Almanya’da yeni kurulan DAVA (Çeşitlilik ve Uyanış için Demokratik İttifak) bütün dikkatleri üzerine çekmeye başladı. Konuya geniş yer veren Alman basını yeni partiyle ilgili “Aşırı milliyetçi, İslamcı, anti demokratik ve İsrail’den nefret eden Erdoğan, 9 Haziran’daki Avrupa seçimleri yarışına ‘DAVA’ adlı kendi partisini gönderiyor! DAVA, AK Parti’nin bir kolu” ifadelerini kullandı.
Alman gazeteler, 9 Haziran’daki Avrupa Parlamentosu seçimlerine katılmak için kurulan yeni oluşumun seçmenleri basit göçmen sloganları ile kazanmayı hedeflediğini, partinin bir yandan da Erdoğan’a ek bir seçmen rezervi anlamına geldiğini yazdı.
Almanya’da yerel, eyalet, Federal Meclis ve Avrupa Parlamentosu seçimlerinde seçme ve seçilme hakkına sahip mevcut 2,5 milyon göçmen asıllı seçmen sayısının, “Çifte vatandaşlık” yasası ile birlikte yakın zamanda 5 milyona ulaşabileceği kaydedildi.

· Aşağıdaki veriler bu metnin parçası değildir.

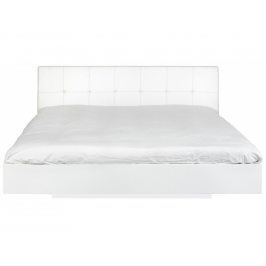 Postel Tiago 180x200 cm, kožené čelo, bílá/bílá 9500.759819 Porto Deco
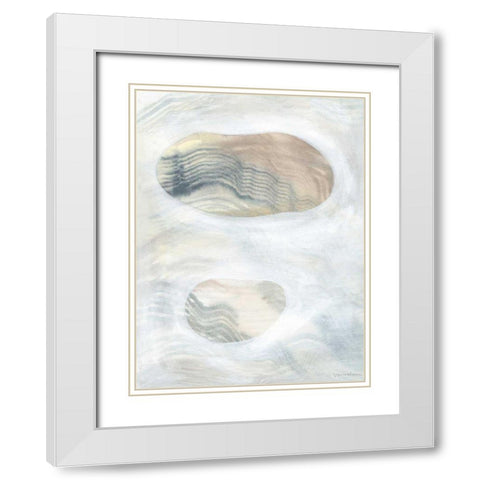 Neutral River Rocks II White Modern Wood Framed Art Print with Double Matting by Lam, Vanna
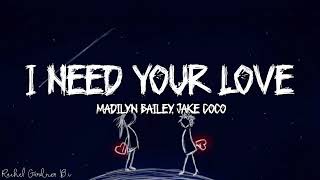 I Need Your Love  Madilyn Bailey Jake Coco Lyrics [upl. by Coffeng]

Avrupa Parlamentosu seçimlerine katılmak isteyen partilerin seçim listelerini 18 Mart 2024 tarihine kadar Federal Seçim Kurulu’na teslim etmeleri gerekiyor.
SİYASİLERDEN SERT TEPKİ
Alman siyasetçiler, Cumhurbaşkanı Erdoğan’ın Almanya’da iç politikaya dahil olacağı gerekçesiyle yeni partiye sert tepki gösterdi.
SPD Genel Başkanı Saskia Esken Welt-TV’ye verdiği demeçte “Özellikle Almanya’daki Türk kökenli vatandaşlarımıza Almanya’nın bir bütün olduğunu ve tek bir halk olduğumuzu açıkça ifade etmemizin önemli olduğunu söylememiz gerekir. Ne ‘göçmenleri sınır dışı etmek isteyen’ aşırı sağcıların ‘iktidara yaklaşmasına’ ne de ‘Recep Tayyip Erdoğan’ın bölücü eğilimlerinin’ Almanya’da rol oynamasına izin verilmemelidir” dedi.

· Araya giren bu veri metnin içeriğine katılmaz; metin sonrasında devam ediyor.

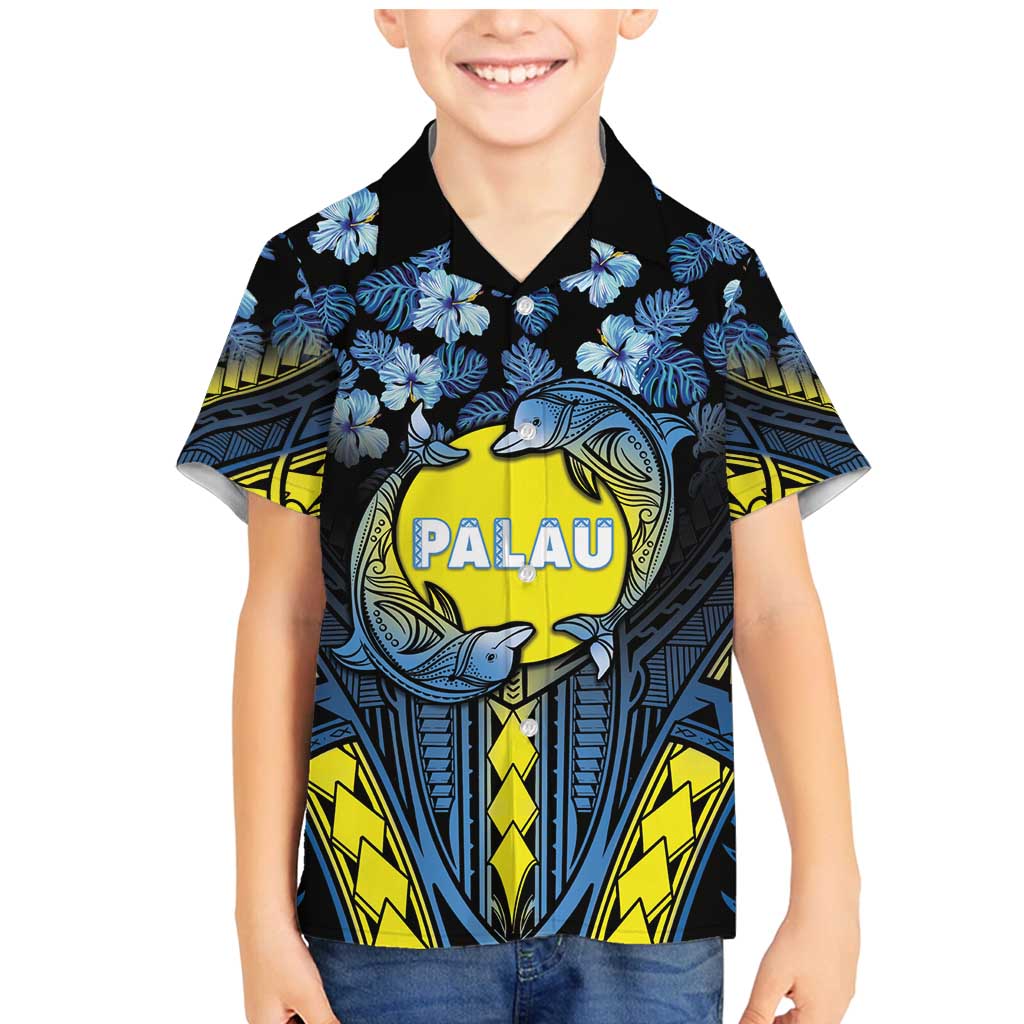 Personalised Palau Family Matching Mermaid Dress and Hawaiian Shirt Polynesian Dolphin Tropical Hibiscus Style LT05 Son's Shirt Black - Polynesian Pride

Federal Tarım Bakanı Cem Özdemir (Yeşiller) de Pazar günü X’te, “Erdoğan’ın bir uzantısının burada seçimlere katılması ihtiyacımız olan son şey” diye yazdı.
CDU içişleri uzmanı Christoph de Vries ise Alman basınına yaptığı açıklamada Alman hükümetinin bu parti oluşumunu “hiçbir şekilde hafife almaması”, güvenlik makamlarının bu partinin tüm faaliyetlerini ve Türk hükümetiyle olan bağlantılarını yakından takip etmesi gerektiğini ve Türk hükümetinin doğrudan etki göstermesi halinde müdahale etmek zorunda olduğunu söyledi.

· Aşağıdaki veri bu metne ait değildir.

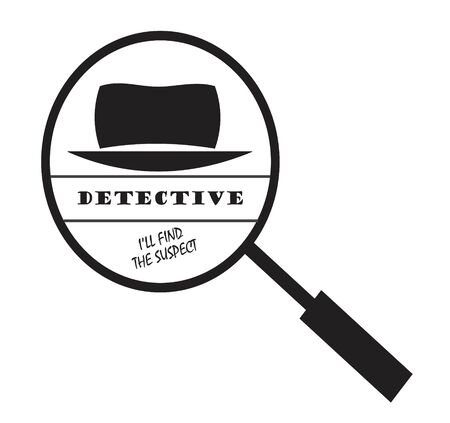 Detective design. Magnifying glass with a hatのイラスト素材
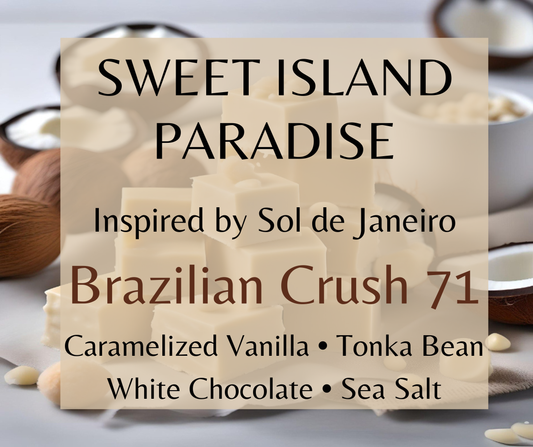 SWEET ISLAND PARADISE - Sweet Island Paradise inspired by Sol de Janeiro Cheirosa 71. Caramelized vanilla, toasted macadamia, and white chocolate create a warm, decadent fragrance. Available in Perfume Oil, Body Spray, Body Oil & Lotion. Dupe Type Clone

Marie-Agnes Strack-Zimmermann (FDP) Welt-TV’de yer alan söyleşisinde böyle bir partinin Avrupa’yı içeriden parçalayabileceği uyarısında bulundu. Jens Spahn (CDU) da AKP’nin bir uzantısı “ülkede bir başka aşırı parti olacaktır” sözleriyle endişesini dile getirdi.
SUÇLAMALARI REDDEDDİ
DAVA Genel Başkanı Teyfik Özcan, kendilerine yönelik suçlamaları kesin dille reddederek “Yabancı hükümetlerin bir uzantısı olarak hareket etmediğimizi vurgulamak benim için önemlidir. Asılsız suçlamaları kesin bir dille reddediyorum. Siyasi bir kuruluş olarak DAVA, yurtdışından ne lojistik ne de mali destek almaktadır. Siyasi bağımsızlığımız ve kişisel özgürlüğümüz çalışmalarımızın temelini oluşturmaktadır ve bizler yalnızca vicdanımıza ve seçmenlerimize karşı sorumluyuz” dedi.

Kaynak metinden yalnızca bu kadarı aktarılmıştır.